# Homework Help: Properties of Open Sets (and what are Indexing Sets?)

1. Jan 4, 2007

### maverick280857

1. The problem statement, all variables and given/known data
Source: An Introduction to Complex Analysis (Classical and Modern Approaches) by Wolfgang Tutschke and Harkrishan L. Vasudeva (Champan and Hall/CRC)
Ref. page 17

Consider the metric space $(\mathbb{C}, d)$
1. If $U_{1}$, $U_{2}$,....,$U_{n}$ are open sets in $\mathbb{C}$, then so is $$\bigcap_{k = 1}^{n} U_{k}$$.
2. If {$U_{\alpha} : \alpha \in \Lambda$} is a collection of open sets in $\mathbb{C}$, where $\Lambda$ is any indexing set, then $$U = \bigcup_{\alpha \in \Lambda} U_{\alpha}$$ is also open.

2. Relevant equations

(None...all data stated in the question above)

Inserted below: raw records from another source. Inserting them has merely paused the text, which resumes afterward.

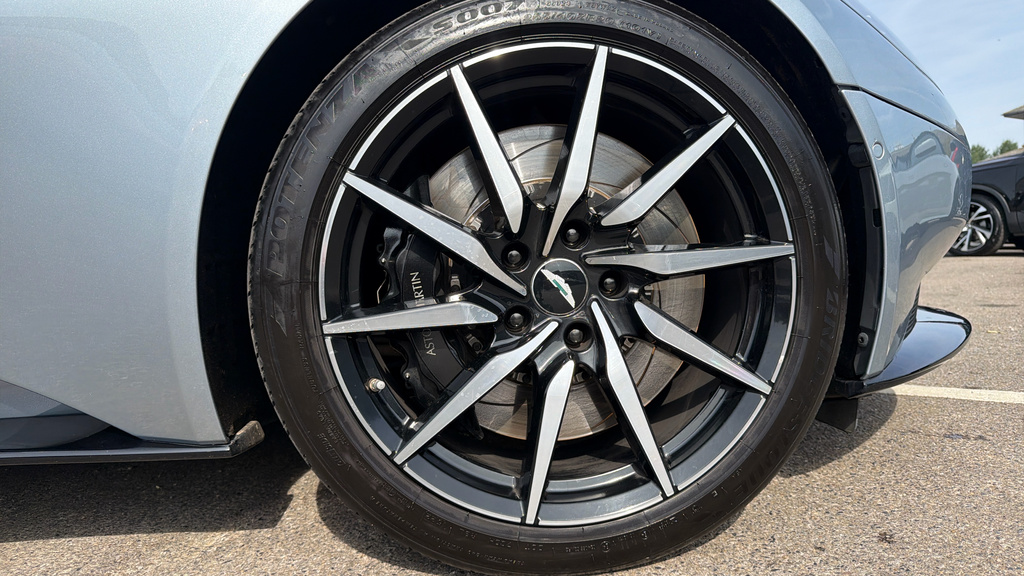 Aston Martin DB11 Db11 V8 Silver #4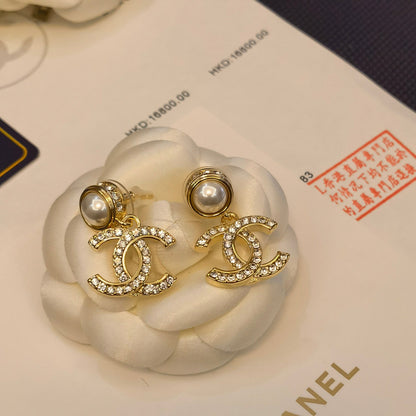 Pendientes Clásicos de Perlas y Diamantes Glitter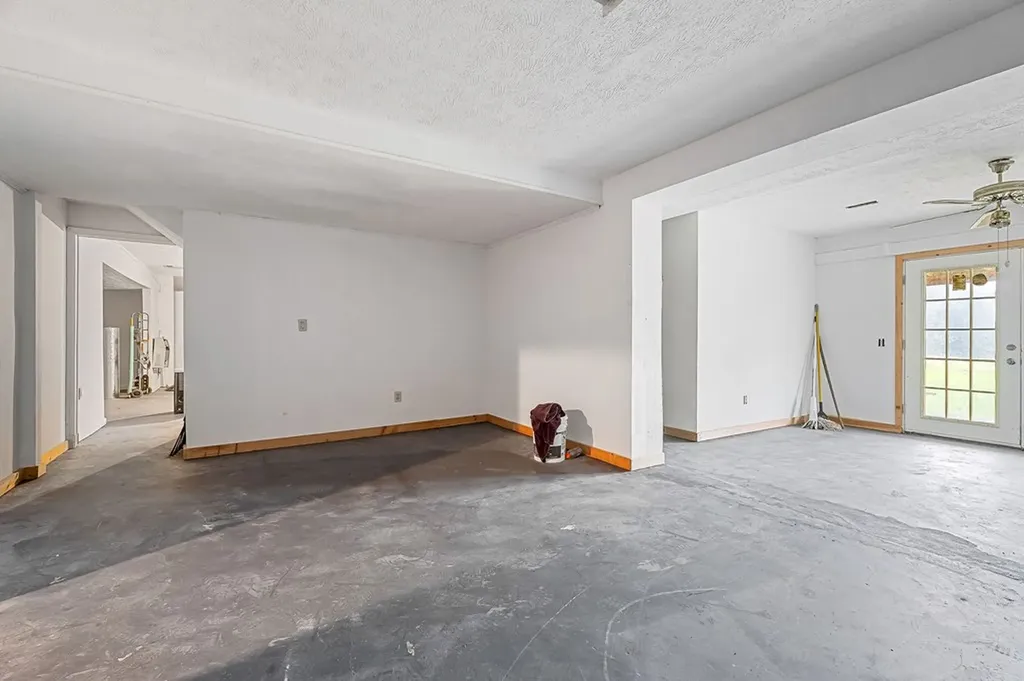 221 Craig Road Monterey TN 38574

3. The attempt at a solution

I am able to understand the proof of (1) but the proposition (2) is not clear to me.

What does an indexing set mean? Also, why does one need an indexing set in part (2) and not (1)?

Last edited: Jan 4, 2007
2. Jan 4, 2007

### cristo

Staff Emeritus
An index set is a set used to label the elements of another set, by means of introducing a surjective function from the index set, to the set being indexed.

An index set is not needed to describe the first example, since there are finitely many sets Ui. However, in the second example, there is no restriction on the set $\{U_\alpha:\alpha\in\Lambda\}$ to make it finite. For example, $\Lambda$ may be |N, in which case {Ua} would be countably infinite.

For (1) an intersection of finitely many open sets it open, whereas for (2) the union of any number of open sets is open.

3. Jan 4, 2007

### AKG

There's nothing really that special about the "indexing" set in this case. They could have just said "where $\Lambda$ is any set". Basically, they want you to prove that the union of $|\Lambda |$ open sets is open, where since $\Lambda$ can be any set, $|\Lambda |$ can be any cardinal number. More concisely, they want you to show that a union of any number of open sets is an open set.

In question 1, they could have talked about an indexing set. As you can see, they are using the indexing set {1, 2, ..., n}. If they were to talk about an indexing set, they would say "If {Ua : a is in L} is a collection of open sets in C, where L is any finite indexing set, then $\cap _{a \in L}U_a$ is also open."

4. Jan 4, 2007

### matt grime

Sorry. but how does the OP conclude that 1) does not have an indexing set but 2) does?

5. Jan 5, 2007

### maverick280857

$$U_{n} = D\left(0;\frac{1}{n}\right) = \left[z \in \mathbb{C} | |z| = \frac{1}{n}\right]$$

and the intersection of an arbitrarily large number of such sets, that is

$$\bigcap_{n = 1}^{\infty}U_{n} = \left[0\right]$$

which reduces to the singleton closed set.

(PS--How does one indicate parentheses { and } around sets?)

Last edited: Jan 5, 2007
6. Jan 5, 2007

### cristo

Staff Emeritus
I'm not sure that I understand your question. This example is showing that the intersection of infinitely many sets is not open.

When writing in tex use the commands \{ and \} to obtain { and } respectively.

7. Jan 5, 2007

### HallsofIvy

He doesn't. He should not have said that there is not indexing set. What he should have said was that the indexing set in 1) is {1, 2, 3, ..., n}, the set of positive integers less than or equal to n. His point is that that is given in the notation of the problem. In problem 2) the indexing set can be any set. Not only "infinite" but possibly "uncountable".

8. Jan 5, 2007

### maverick280857

Okay to make my query more explicit, I want to understand why an indexing set is invoked at all and why only in the second part.

9. Jan 5, 2007

### HallsofIvy

Because the proof for a finite collection of open sets is different from the proof for a infinite collection of sets. For a finite collection you could use proof by induction. Just show that the union of two open sets is open and induction does the rest for you. That's why you can prove that the intersection of a finite number of open sets is open but not the intersection of an infinite number of opens sets.

10. Jan 6, 2007

### maverick280857

Thank you all

11. Jan 7, 2007

### matt grime

An index set is invoked in the first one. It is the set {1,2,..,n}. Call that S. The following are identical

$$\cup_{s \in S}U_s$$

and

$$\cup_{i=1}^n U_i$$

However, the latter notation only works for a well ordered index set. i.e. the second one takes the FIRST set, intersects it with the SECOND, then the THIRD,.... . Not all index sets need to be well ordered so there is no concept of doing things first, second or third.

12. Jan 8, 2007

### maverick280857

Thank you! I think I see what you mean now. And I see that a similar theorem holds for closed subsets of $\mathbb{C}$ with the intersection and union interchanged.